20

I'm having some issues with listings that include German Umlaute. The following example code generates a completely messed up PDF.

\documentclass{article}
\usepackage[utf8]{inputenc}
\usepackage[]{listings}
\begin{document}
\begin{lstlisting}[language={[LaTeX]TeX},inputencoding={utf8},extendedchars=false]
Staatsangehörigkeit
\end{lstlisting}
\end{document}

Does anyone have an idea how to fix this?

Umlaute

3 Answers 3

31

the normal listings package doesn't provide unicode support. I use the following code to work around the Problem

\documentclass{article}
\usepackage[utf8]{inputenc}
\usepackage[]{listings}

\lstset{literate=%
    {Ö}{{\"O}}1
    {Ä}{{\"A}}1
    {Ü}{{\"U}}1
    {ß}{{\ss}}1
    {ü}{{\"u}}1
    {ä}{{\"a}}1
    {ö}{{\"o}}1
    {~}{{\textasciitilde}}1
}
\begin{document}
    \begin{lstlisting}[language={[LaTeX]TeX}]
    Staatsangehörigkeit
    \end{lstlisting}
\end{document}

I also tried listingsutf8 and listings2 which ist BETA, but for me the literate solution just works perfekt ;)

edit:sry, marco has the same solution earlier...

3
  • This always shows the final Umlaut (in your case an ö) in the compiled PDF no matter which one was used in the source file.
    – mat
    Commented Jul 25, 2017 at 15:07
  • I'm not sure what you mean.

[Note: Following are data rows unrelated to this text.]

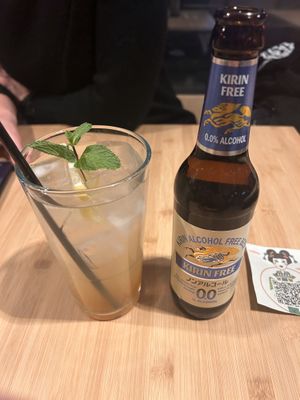 Ingwer Kiss & Japanese Beer 0.0%  at MakiMaki Sushi Green in Cologne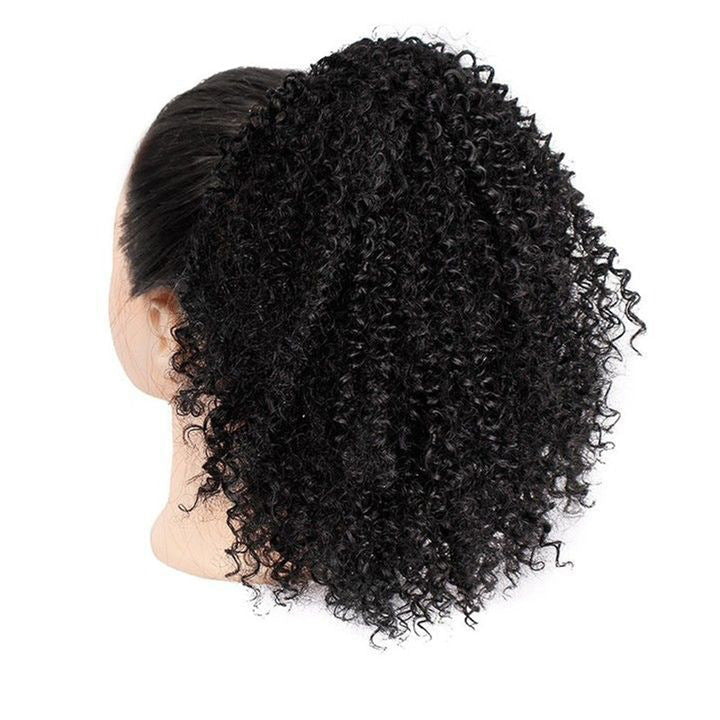 Women's African Drawstring Stretch Small Curly Wig - Pendo Store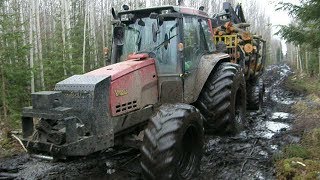 Valtra reliable forestry tractor [upl. by Zicarelli110]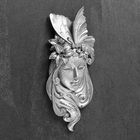 Подвесной декор "Венецианская маска №3" 32х15см, бронза - фото 9212594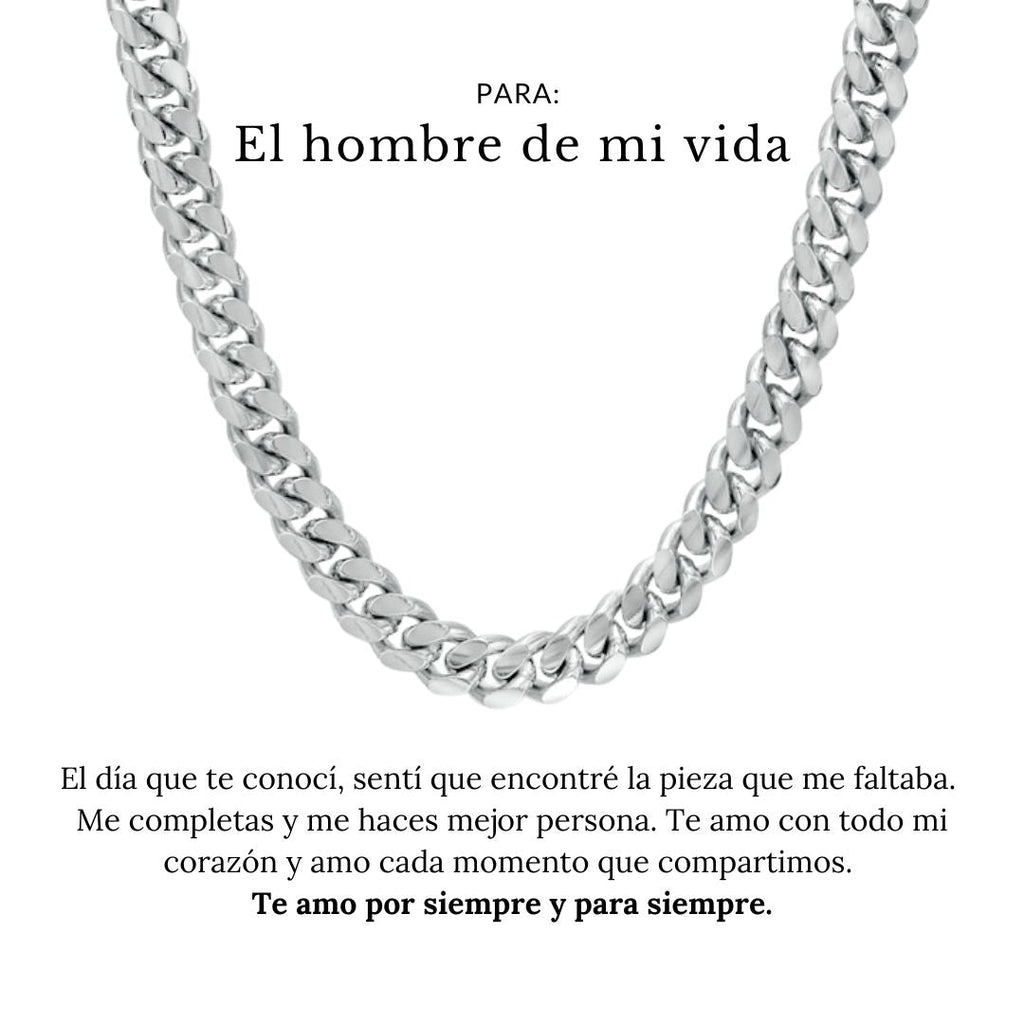 Cadena estilo cubana - Para el hombre de mi vida - Moroveta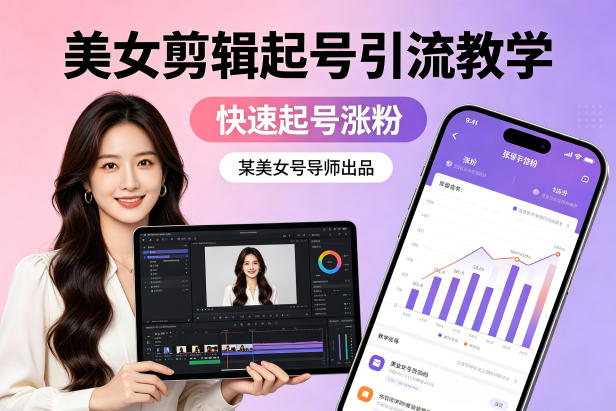 某美女号导师出品：美女剪辑起号引流教学，快速起号涨粉-shxbox省心宝盒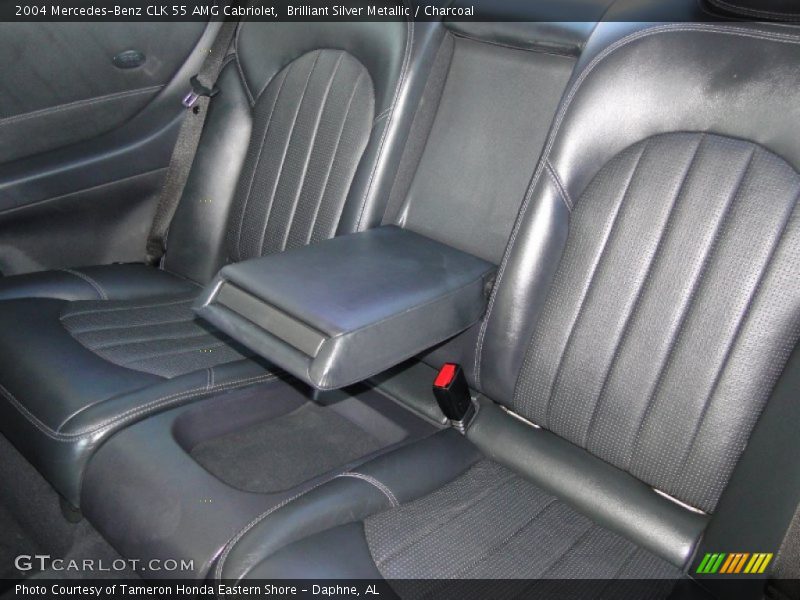  2004 CLK 55 AMG Cabriolet Charcoal Interior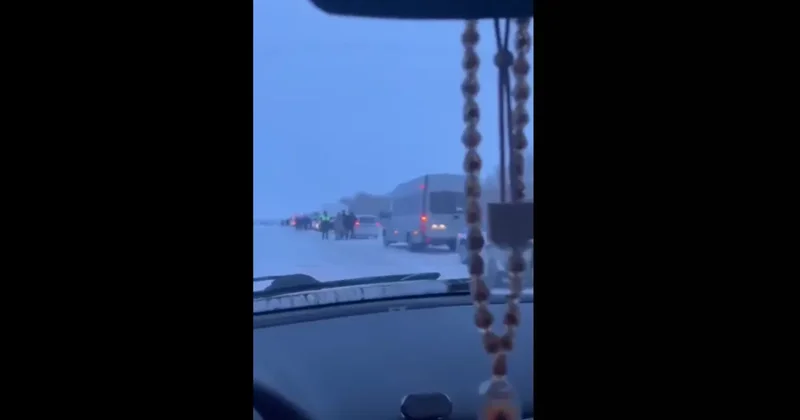 ASTRA: В России колонна силовиков приехала в село, протестовавшее против конфискации скота ФОТО / ВИДЕО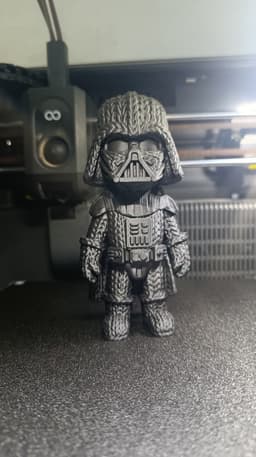 Knitty Darth Vader 3d model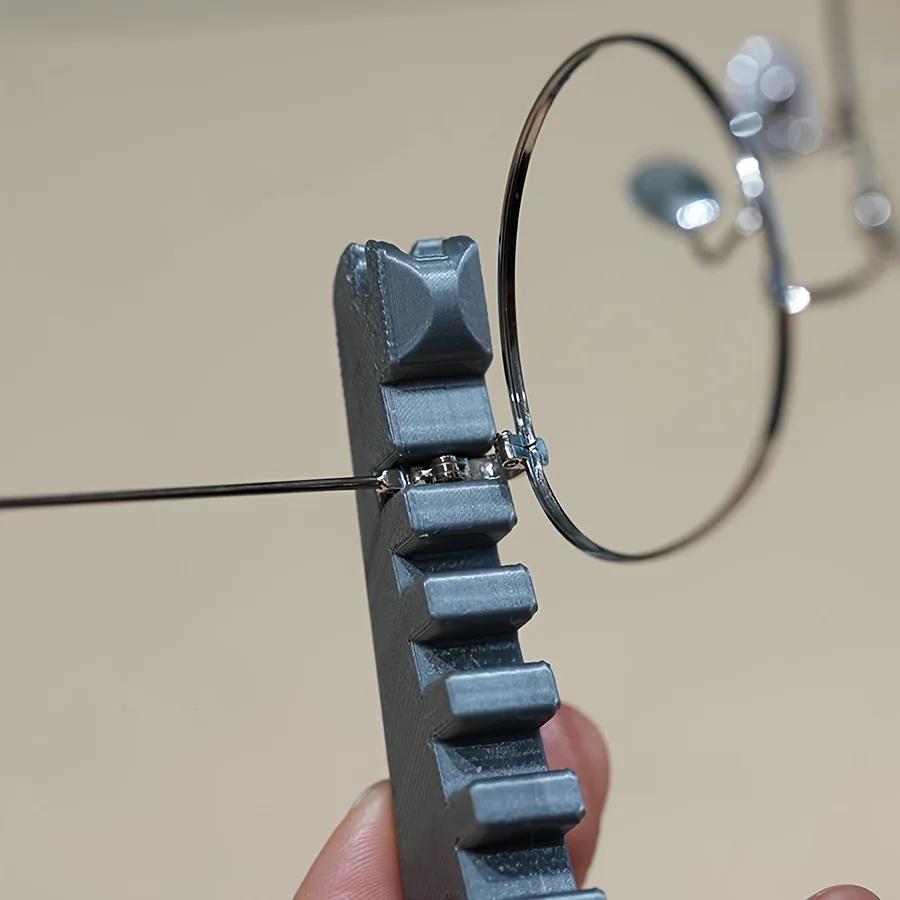 Outil de réparation de lunettes - Portable pour la maison/Soins des yeux - Compatible pour la répara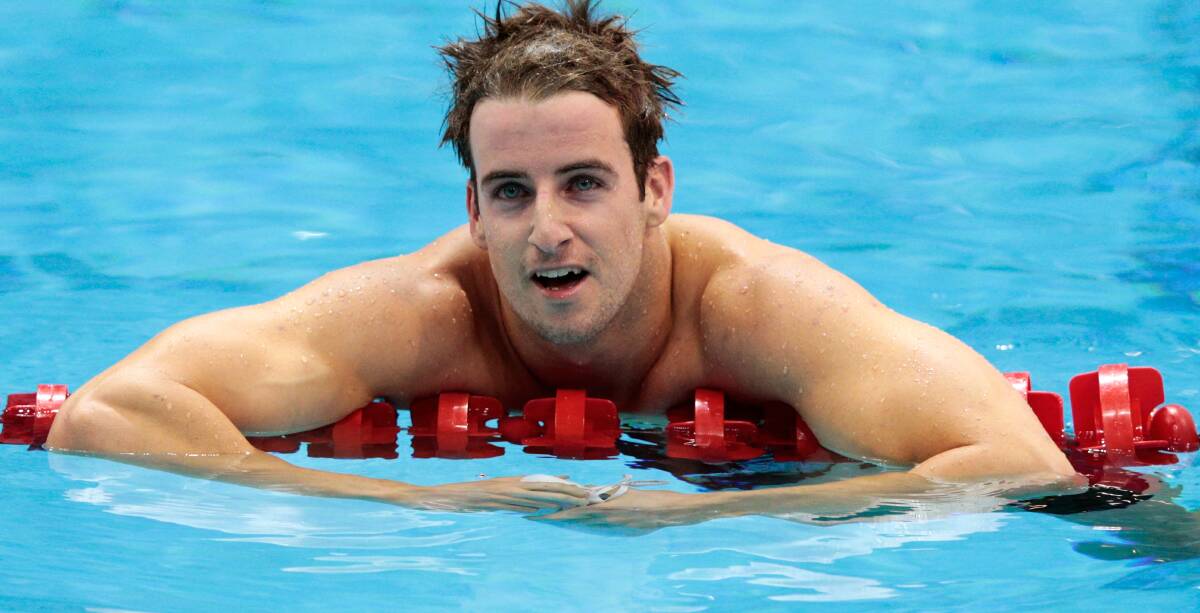 Our champion: No matter the outcome from last night's 100 metre freestyle final James Magnussen will always be Port Macquarie's champion.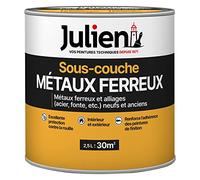 Julien Peinture Sous-couche pour métaux ferreux - Imperméable à l'air et humidité, résistant à la corrosion - Blanc Mat 2,5L
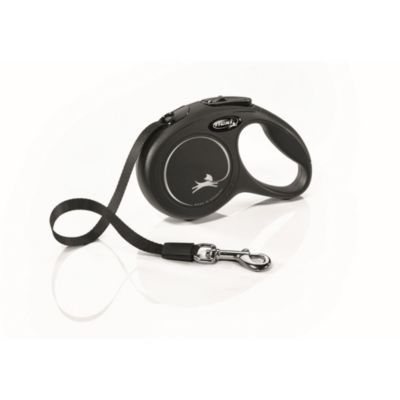 Laisse Flexi Classic sangle XS 3 m noire chiens jusqu'à 12 Kg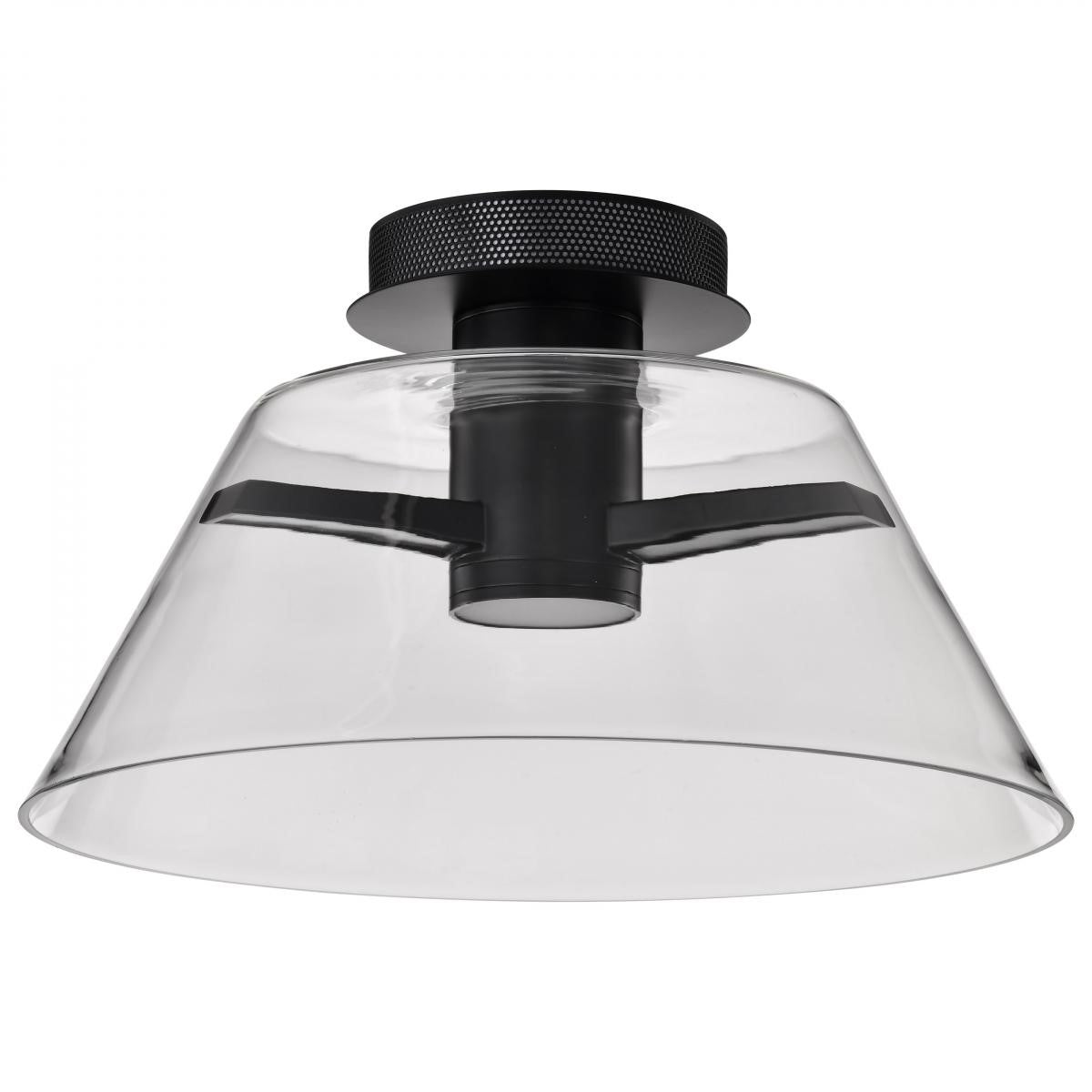 Edmond 17" LED Semi-flush Mount Light, Matte Black Finish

I can use ÖÄÜßüäö~ with no problems.
    – someonr
    Commented Jul 26, 2017 at 10:02
  • 1
    I found my error. I had an additional extendedchars entry (the value beein true or false did not matter) in the lstset command, which caused the strange error I described.
    – mat
    Commented Jul 26, 2017 at 11:06
13

I use the following method in my code:

\documentclass{article}
\usepackage[utf8]{inputenc}
\usepackage[]{listings}
\lstset{literate={ö}{{\"o}}1}
\begin{document}
\begin{lstlisting}[language={[LaTeX]TeX},inputencoding={utf8},extendedchars=false]
Staatsangehörigkeit
\end{lstlisting}
\end{document}

enter image description here

Ulrike Fischer wrote in the German community mrunix:

Weil listings eine Verbatim-Umgebung ist, die Befehle wie \section, \bfseries und eben auch \"a nicht ausführt, sondern einfach ausdruckt.

English try: Because listings is a verbatim environment, commands like \section, \bfseries and also \"a aren't executed, but instead just printed.

10

An alternative solution to that provided by marco, perhaps a touch less typing, by using the key escapeinside:

\documentclass{article}
\usepackage[ngerman,english]{babel}
\usepackage[utf8]{inputenc}
\usepackage[]{listings}
\begin{document}
\begin{lstlisting}[language={[LaTeX]TeX},
             inputencoding={utf8}, extendedchars=false,  
             escapeinside=``]
Staatsangeh`ö`rigkeit
\end{lstlisting}
\end{document}

In general utf8 and listings don't play well, especially if you importing files generated from different programs. The backticks, just enable whatever is enclosed between them to be escaped to LaTeX.